Available records START

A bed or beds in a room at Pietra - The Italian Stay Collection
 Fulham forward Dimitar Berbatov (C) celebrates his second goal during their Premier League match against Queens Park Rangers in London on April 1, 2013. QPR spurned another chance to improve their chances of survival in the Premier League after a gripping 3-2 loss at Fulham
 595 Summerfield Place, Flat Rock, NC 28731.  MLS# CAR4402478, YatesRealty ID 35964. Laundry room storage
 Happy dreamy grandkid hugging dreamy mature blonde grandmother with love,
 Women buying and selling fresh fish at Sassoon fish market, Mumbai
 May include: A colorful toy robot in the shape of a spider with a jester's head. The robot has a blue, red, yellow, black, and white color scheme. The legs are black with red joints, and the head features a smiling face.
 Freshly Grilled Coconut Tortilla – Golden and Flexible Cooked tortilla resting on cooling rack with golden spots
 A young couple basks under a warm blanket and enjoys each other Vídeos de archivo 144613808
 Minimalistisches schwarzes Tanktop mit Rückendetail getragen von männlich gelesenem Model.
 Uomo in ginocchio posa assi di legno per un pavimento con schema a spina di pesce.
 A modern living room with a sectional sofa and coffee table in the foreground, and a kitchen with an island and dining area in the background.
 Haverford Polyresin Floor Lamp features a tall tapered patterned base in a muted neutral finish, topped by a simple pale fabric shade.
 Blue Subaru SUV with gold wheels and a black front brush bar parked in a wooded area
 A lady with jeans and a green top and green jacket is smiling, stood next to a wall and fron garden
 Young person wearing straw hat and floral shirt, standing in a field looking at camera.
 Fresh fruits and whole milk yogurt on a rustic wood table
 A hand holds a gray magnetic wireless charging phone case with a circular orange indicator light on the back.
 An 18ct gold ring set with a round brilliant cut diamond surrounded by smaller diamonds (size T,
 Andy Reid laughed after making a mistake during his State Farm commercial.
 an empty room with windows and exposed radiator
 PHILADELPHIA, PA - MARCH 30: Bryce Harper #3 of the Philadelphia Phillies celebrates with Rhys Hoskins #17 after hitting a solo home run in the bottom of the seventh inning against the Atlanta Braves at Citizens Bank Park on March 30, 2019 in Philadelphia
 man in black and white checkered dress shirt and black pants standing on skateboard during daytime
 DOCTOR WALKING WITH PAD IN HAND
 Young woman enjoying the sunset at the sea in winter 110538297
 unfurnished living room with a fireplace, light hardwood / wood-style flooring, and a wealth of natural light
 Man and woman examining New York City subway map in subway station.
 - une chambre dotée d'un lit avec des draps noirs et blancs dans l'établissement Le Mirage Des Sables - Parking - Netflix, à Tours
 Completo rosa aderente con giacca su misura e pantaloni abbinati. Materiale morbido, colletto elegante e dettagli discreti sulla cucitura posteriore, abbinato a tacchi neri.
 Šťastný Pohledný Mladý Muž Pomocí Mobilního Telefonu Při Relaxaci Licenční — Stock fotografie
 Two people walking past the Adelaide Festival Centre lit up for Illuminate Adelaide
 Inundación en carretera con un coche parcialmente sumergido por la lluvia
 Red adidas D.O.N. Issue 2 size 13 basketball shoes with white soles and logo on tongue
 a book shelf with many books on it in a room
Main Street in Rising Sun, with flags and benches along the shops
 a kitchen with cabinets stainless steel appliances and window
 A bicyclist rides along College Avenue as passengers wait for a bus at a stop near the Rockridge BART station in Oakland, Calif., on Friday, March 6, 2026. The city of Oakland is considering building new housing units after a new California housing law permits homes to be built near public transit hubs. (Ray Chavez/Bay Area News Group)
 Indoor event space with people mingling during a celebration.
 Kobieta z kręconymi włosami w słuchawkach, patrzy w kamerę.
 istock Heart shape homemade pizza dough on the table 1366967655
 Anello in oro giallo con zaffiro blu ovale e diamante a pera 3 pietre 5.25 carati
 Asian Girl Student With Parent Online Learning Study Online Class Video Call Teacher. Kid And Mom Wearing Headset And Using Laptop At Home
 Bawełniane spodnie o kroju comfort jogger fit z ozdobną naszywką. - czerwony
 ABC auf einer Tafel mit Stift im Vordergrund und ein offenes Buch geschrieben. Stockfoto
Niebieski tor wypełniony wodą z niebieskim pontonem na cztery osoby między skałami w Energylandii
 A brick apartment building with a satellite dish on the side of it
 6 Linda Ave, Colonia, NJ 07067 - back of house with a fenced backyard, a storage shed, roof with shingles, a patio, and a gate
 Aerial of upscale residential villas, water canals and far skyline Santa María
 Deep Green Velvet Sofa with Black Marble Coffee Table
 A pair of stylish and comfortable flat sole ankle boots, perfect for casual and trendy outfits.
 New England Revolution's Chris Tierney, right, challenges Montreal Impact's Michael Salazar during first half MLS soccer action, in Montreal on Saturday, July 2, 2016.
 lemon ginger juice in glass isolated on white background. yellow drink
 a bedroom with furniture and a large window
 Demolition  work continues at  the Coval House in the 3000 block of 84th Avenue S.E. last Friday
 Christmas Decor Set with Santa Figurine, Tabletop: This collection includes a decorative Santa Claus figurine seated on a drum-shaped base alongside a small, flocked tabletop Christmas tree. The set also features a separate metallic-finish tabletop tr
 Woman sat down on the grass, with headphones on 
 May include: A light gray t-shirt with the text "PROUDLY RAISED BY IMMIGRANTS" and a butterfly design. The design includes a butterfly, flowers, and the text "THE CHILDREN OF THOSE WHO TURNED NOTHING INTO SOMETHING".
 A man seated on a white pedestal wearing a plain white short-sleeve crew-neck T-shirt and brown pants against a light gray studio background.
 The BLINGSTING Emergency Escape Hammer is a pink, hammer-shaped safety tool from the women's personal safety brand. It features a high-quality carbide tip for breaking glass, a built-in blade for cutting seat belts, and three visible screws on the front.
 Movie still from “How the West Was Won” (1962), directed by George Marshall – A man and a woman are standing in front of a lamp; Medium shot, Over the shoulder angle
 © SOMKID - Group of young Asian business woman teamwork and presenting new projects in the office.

Available records END

What to work on:
Nothing but the lines from the start of the data through the line holding "Freshly Grilled Coconut" should be restated, and each one exactly.

Output:
A bed or beds in a room at Pietra - The Italian Stay Collection
 Fulham forward Dimitar Berbatov (C) celebrates his second goal during their Premier League match against Queens Park Rangers in London on April 1, 2013. QPR spurned another chance to improve their chances of survival in the Premier League after a gripping 3-2 loss at Fulham
 595 Summerfield Place, Flat Rock, NC 28731.  MLS# CAR4402478, YatesRealty ID 35964. Laundry room storage
 Happy dreamy grandkid hugging dreamy mature blonde grandmother with love,
 Women buying and selling fresh fish at Sassoon fish market, Mumbai
 May include: A colorful toy robot in the shape of a spider with a jester's head. The robot has a blue, red, yellow, black, and white color scheme. The legs are black with red joints, and the head features a smiling face.
 Freshly Grilled Coconut Tortilla – Golden and Flexible Cooked tortilla resting on cooling rack with golden spots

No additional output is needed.